The success of a plan is not in the planning but in the execution. It is estimated that over 60% of strategies fail because they are not implemented. When asked about challenges, managers responded that their biggest concern is “It’s the successful implementation of a strategic plan” or “It’s getting your strategy done.”

With the number of management executives who are trained on building strategy plans and attend executive programs on various strategies, the one thing that needs to be emphasized is the ‘act of getting things done’ as outlined in the book ‘Execution:  The Discipline of Getting Things Done’  by Larry Bossidy and Ram Charan.

According to Larry Bossidy and Ram Charan, the heart of any Strategy Execution lies in 3 core processes: Strategy, People and Operations.

STRATEGY

1. STRATEGY FORMULATION

1The process of laying out the strategy is a significant factor, but not the only crucial factor. However, it defines all the other factors and how they can be achieved. As laid out in the paper, the central conclusion of research indicates the importance of procedural justice. All levels of the organization have different perceptions of strategy and interests in the formulation process. Unifying them is the task of the management function. Thus, unifying strategy must be consistent and accommodative.

 

2.ORGANIZATIONAL STRUCTURE

2Organizations are continuously thinking of adapting to times. Having a strongly thought out Strategy supported by an organizational structure is half the process in successful implementation. Further, different strategies require different organizational structures that can allow action items to flow down smoothly across levels. For example, executing a strategy to permeate leadership requires having a structure that allows more decentralisation of decision making activities. As pointed out by Olson, Slater and Hult (2005) four different combinations of structure/behaviour types of: management dominant, customer-centric innovators, customer-centric cost controllers and middle ground have to be matched with behaviours that best serve to facilitate the process of implementing a specific strategy.

PEOPLE

3.EXECUTORS

3

Organizations are made up of people. People in an organization take up responsibilities and become responsible for certain activities. According to the paper, enrolment of the top, middle and lower level management is essential for the purpose of rolling out a strategy. However, organizational structures are dynamically changing to become more flat so that they can be quicker and more responsive. While the hierarchical structures worked in the 20th century. In the 21st century organizations, people at various levels are required to take ownership of functions that work directly with the strategy as well.

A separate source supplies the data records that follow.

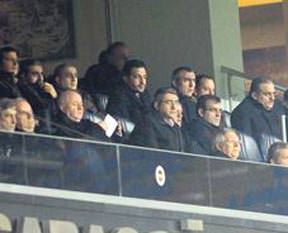Çelik: Kale arkası daha zevkli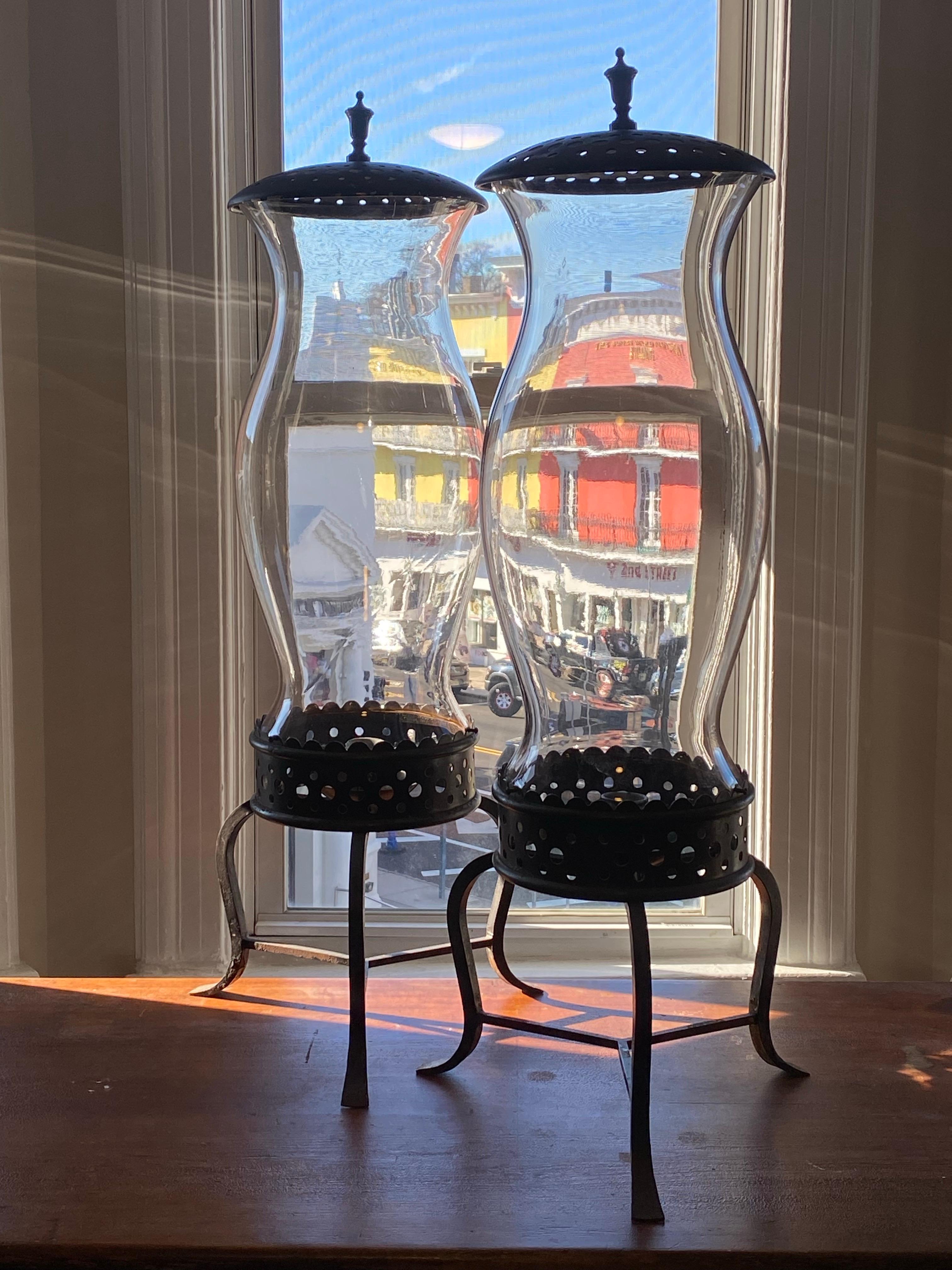 Coppia monumentale di lampade a uragano V-27 di John Vesey da Brook Astors Cove End In condizioni buone in vendita a Southampton, NJ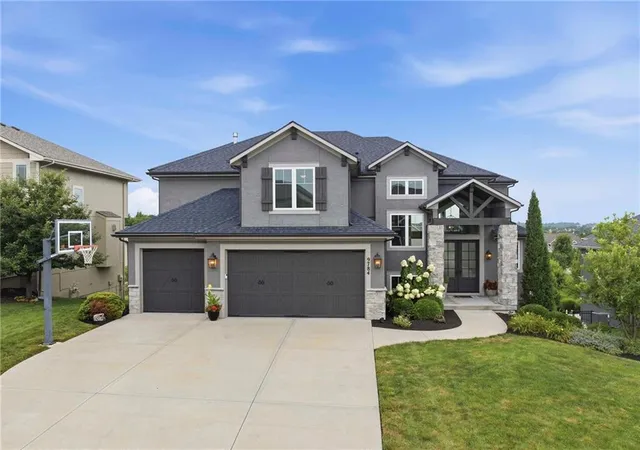 1st image of 9784 Houston St, Lenexa, KS 66227 | MLS# 2635049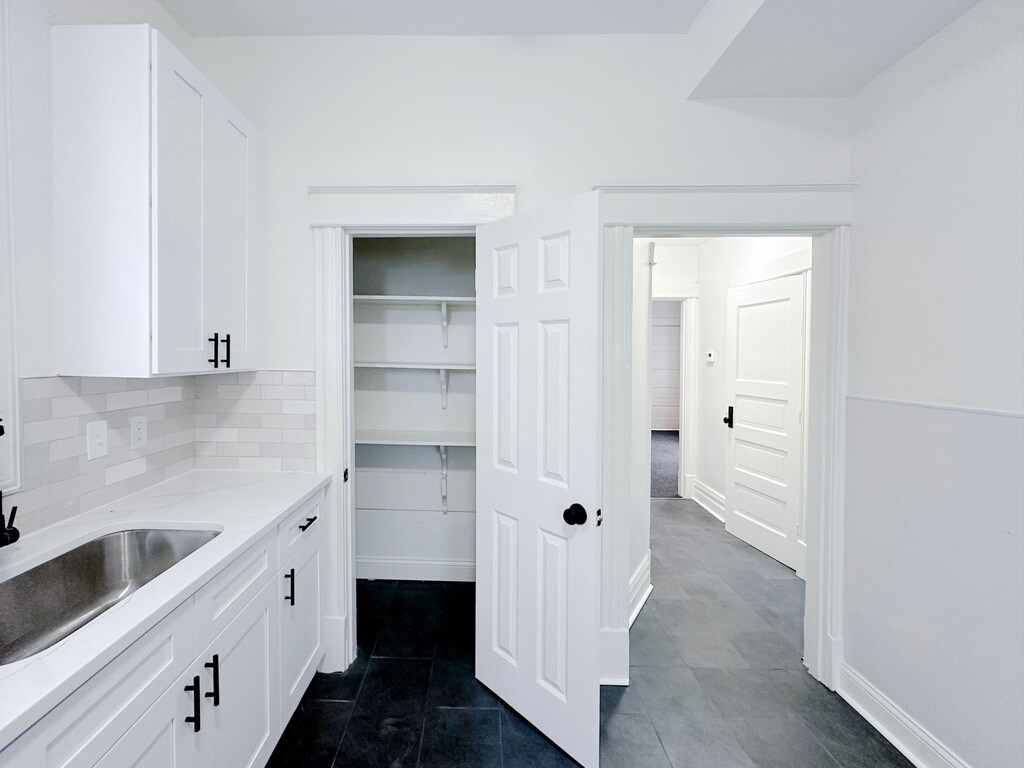 Building Photo - 4167 Botanical Ave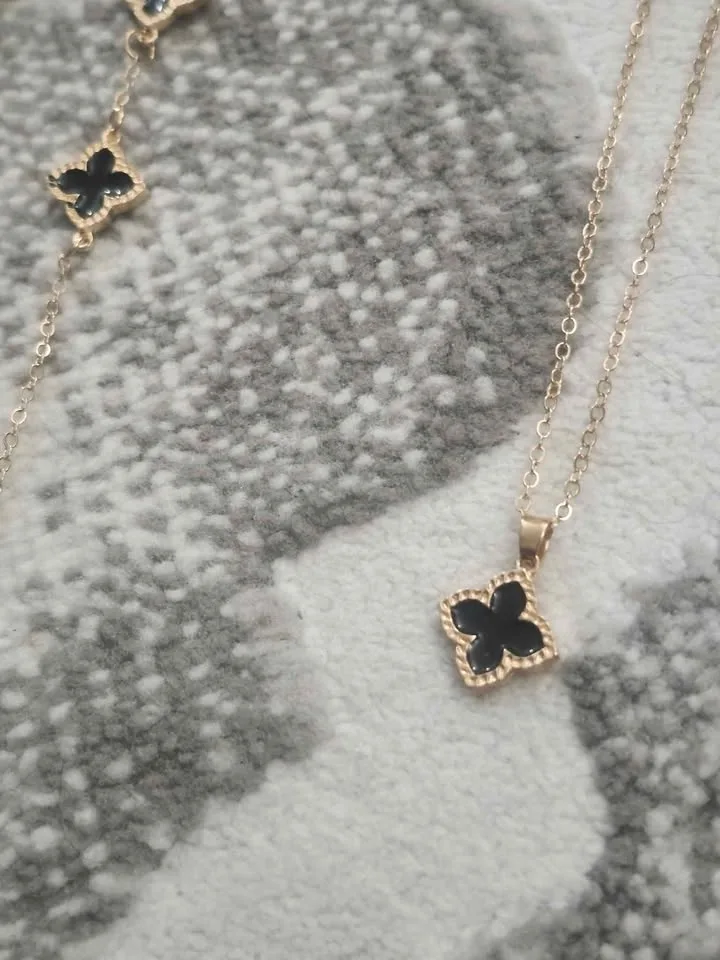 ✨ 6 Pcs Four-Leaf Clover Jewelry Set for Women ✨ image indicator(4)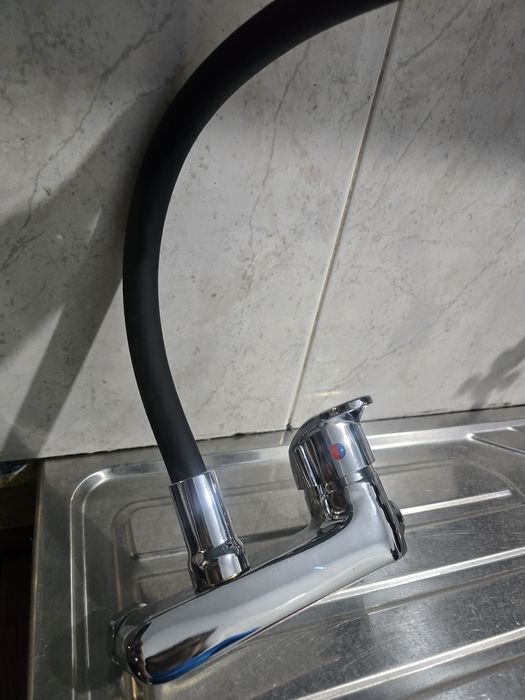 Torneira de cozinha a estrear nova na caixa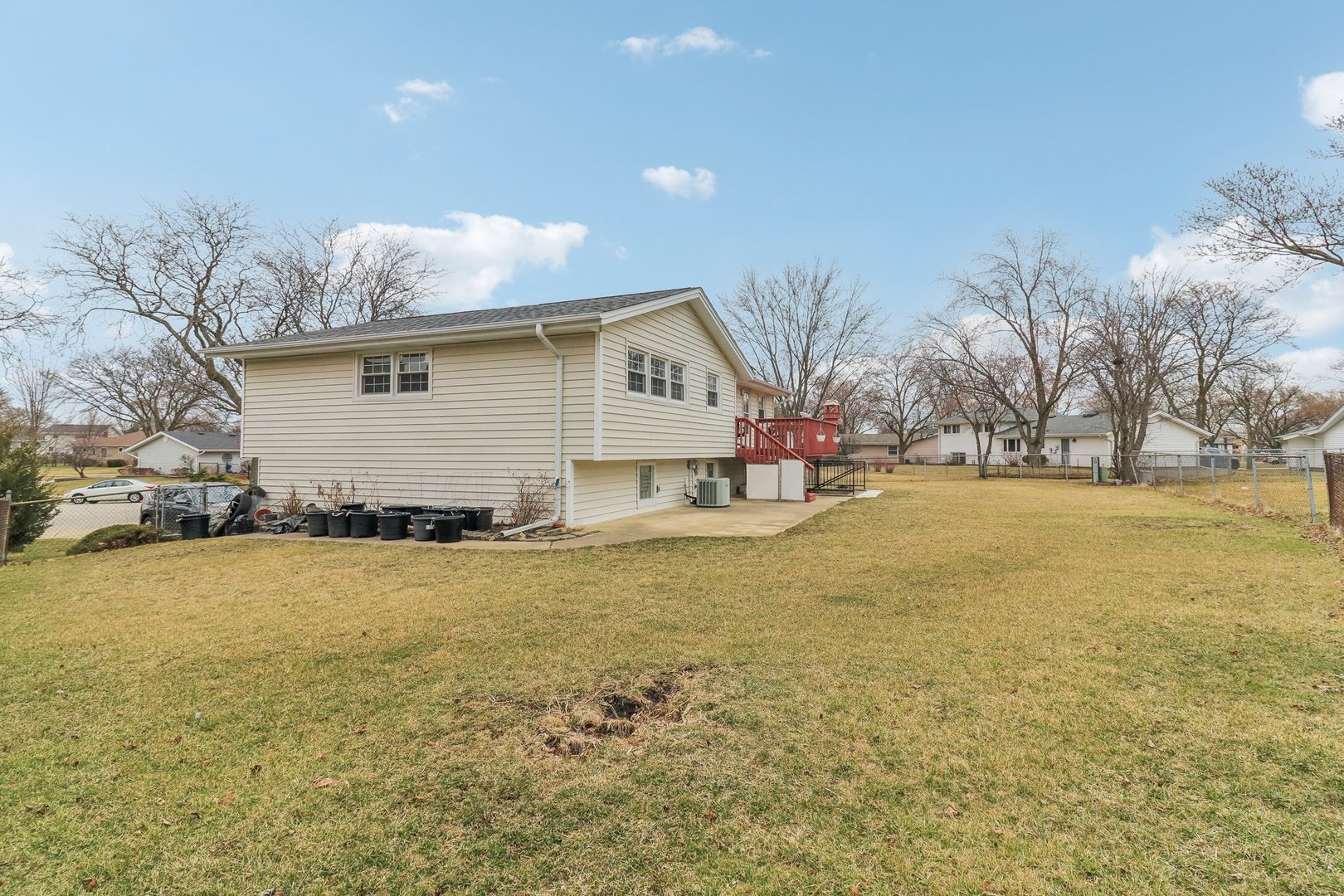 712 Dante Court, Schaumburg, IL 60193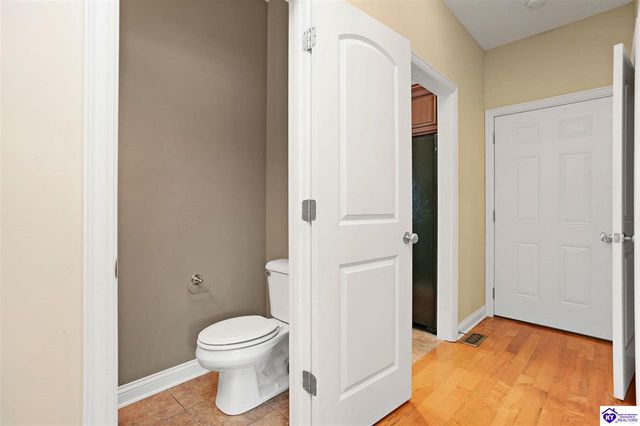 672 Wind Brook Drive, Elizabethtown, KY 42701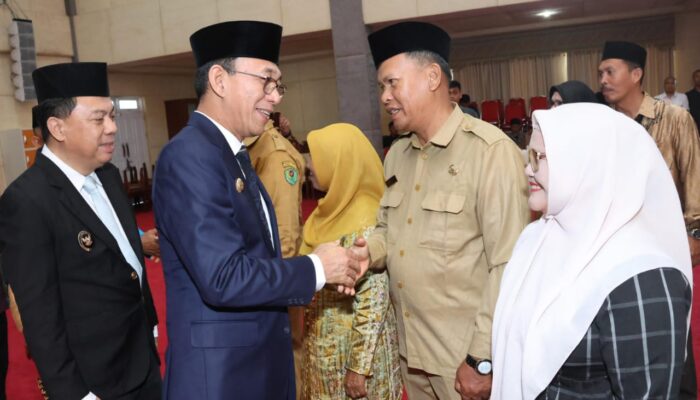 Bupati Tapsel Lantik 21 Kepala Sekolah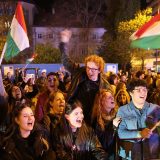 Magyar, aplaudat de mii de unguri în stradă, după victoria de la Budapesta | VIDEO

Further, the most important part of the execution with relation to the executors will be the selection of the team of executors and arriving at how they need to be motivated to ensure that they work proactively for the success of the strategy.

 

4.COMMUNICATION

4While the strategy and team can be put in place in an organization, what makes the glue is establishing the right channel and mode of communication. Once the strategic plan is in motion, the organization needs to be brought into a single binding communication philosophy which ensures that right things are escalated as and when they become critical and avoiding failures due to inaction/ indecision. Further, organizations need to also be aware the importance in learning from one another to avoid future failures at the granular level. As put very beautifully by Alexander (1985), the content of such communications includes clearly explaining what new responsibilities, tasks, and duties need to be performed by the affected employees. It also includes the why behind changed job activities, and more fundamentally the reasons why the new strategic decision was made in the first place.

 

5.CONSENSUS

5Getting the buy-in from the organization and all levels is extremely important to ensure that the strategy is played out as envisioned. This can only happen when the organization feels that they are in on the decision making consensus. People care only about leadership that they have willingly provided, be it on strategies or on the leader itself. Further, a lack of consensus can lead to creation of obstacles in the implementation of a strategy.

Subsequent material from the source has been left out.